Dopo qualche secolo dall’esperienza di Gesù siamo di nuovo in una situazione di tante parole, di frasi più o meno standardizzate, che se possono essere utili in alcune fasi della vita spesso non sono segno di una fede adulta e, soprattutto, portano con sé il rischio di pensare a un tempo ben definito, esclusivo, per pregare, un tempo in cui sospendere tutto il resto – la vita? – cercando condizioni di silenzio, concentrazione, solitudine che sono così difficili da creare nell’esistenza della maggioranza delle persone. Inoltre, nella tradizione di molti di noi, la preghiera è legata a una penitenza dopo la confessione, dove il numero delle recitazioni era causato dalla quantità o gravità dei peccati.
Se questo ci porta a dire che non abbiamo tempo per pregare, che la quotidianità della vita ci distoglie dalla preghiera, vuol dire che qualcosa non funziona, perché la vita cristiana è la vita ordinaria, e la preghiera non può essere tempo al di fuori, ma tempo incarnato, una vita che si fa preghiera.

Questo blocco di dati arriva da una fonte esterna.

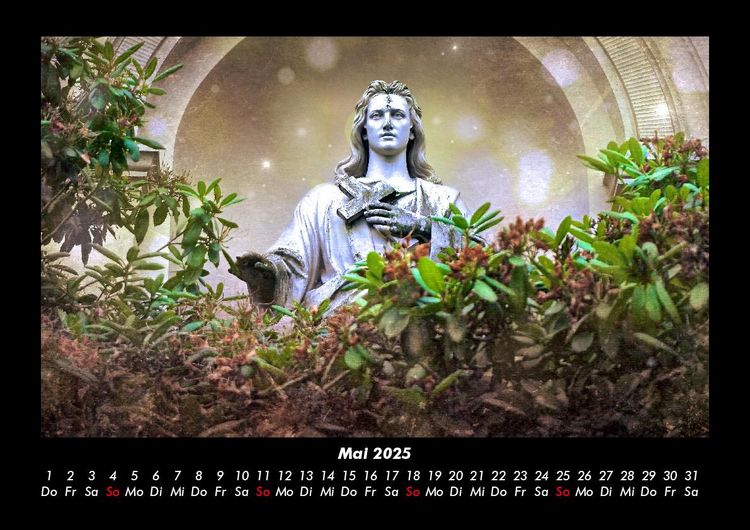 Produktbild: Mit Fantasy durch's Jahr 2025 Fotokalender DIN A3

“Se rimanete in me e le mie parole rimangono in voi…” (Gv 15,7). Dimorare in Gesù e lasciare che egli rimanga in noi: è questo il centro della vita cristiana; ascoltare le sue parole, accogliere la sua storia, il suo agire nella storia perché queste parole e queste scelte diventino il nostro modo di pensare e di agire. Lasciare che la nostra vita si trasformi perché ogni incontro che facciamo, ogni evento che viviamo, i momenti di gioia o di difficoltà sono abitati da Dio.

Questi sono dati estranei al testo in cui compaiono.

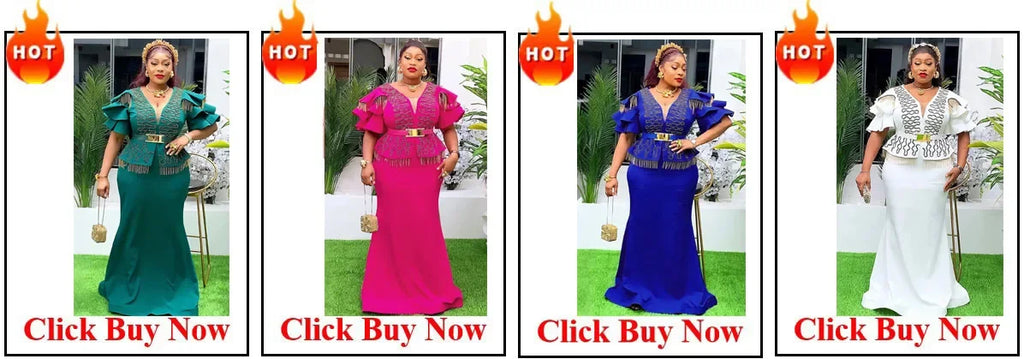 Customized Elegant African Dresses for Women Muslim Embroidery Boubou Robe Dashiki Africa Clothes Ankara Outfit Evening Gown wit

Riconoscere che, proprio per questo, anche la nostra preghiera si trasforma, diventa storia, perché ci pensa la vita, con le sue circostanze concrete, a cambiare l’orizzonte della preghiera: le gioie più grandi, le feste, le nascite… così come le preoccupazioni, le malattie, i dubbi, le morti, non sono “fuori”, non sono incidentali, ma diventano preghiera, anche se è semplice parola, se è ruah, spirito, respiro. “Dove sei mio Dio? Cosa posso fare?”. Cosa posso fare io, perché la preghiera cambia me, non Dio; e se permetto al Signore di abitare in me, cresce la mia capacità di amare, divento più autenticamente umana e magari arrivo a comprendere che “Dio esaudisce sempre, ma non le nostre richieste, bensì le sue promesse” (Dietrich Bonhoeffer).

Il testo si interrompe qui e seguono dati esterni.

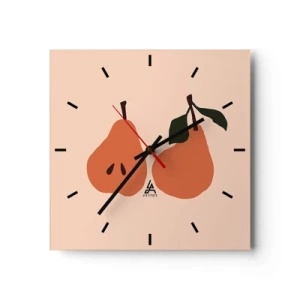 Väggklocka - Klocka på glas - Bara sötma - 30x30 cm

Se le sue parole rimangono in me, io sono al sicuro e posso ripetermelo più volte durante il giorno, posso affidargli tutto con una parola, posso pregare sempre e arrivare a sera:
“Penso… che ogni sera debba esserci un gesto di docilità e distensione: lasciar andare il giorno, con tutto ciò che c’era dentro. E darsi pace proprio con tutto ciò che durante il giorno non si è riusciti a portare a buon fine, sapendo che viene ancora un giorno. Si dovrebbe, per modo di dire, ritrovarsi distesi nella notte con mani vuote, aperte, dalle quali volentieri si sia lasciato il giorno scivolare via. Solo dopo si può veramente riposarsi. E in quelle mani riposate e vuote, che nulla hanno voluto trattenere e nelle quali non c’è più alcuna bramosia, si accoglie, al risveglio, un nuovo giorno” (Etty Hillesum). Così anche la notte diventa preghiera.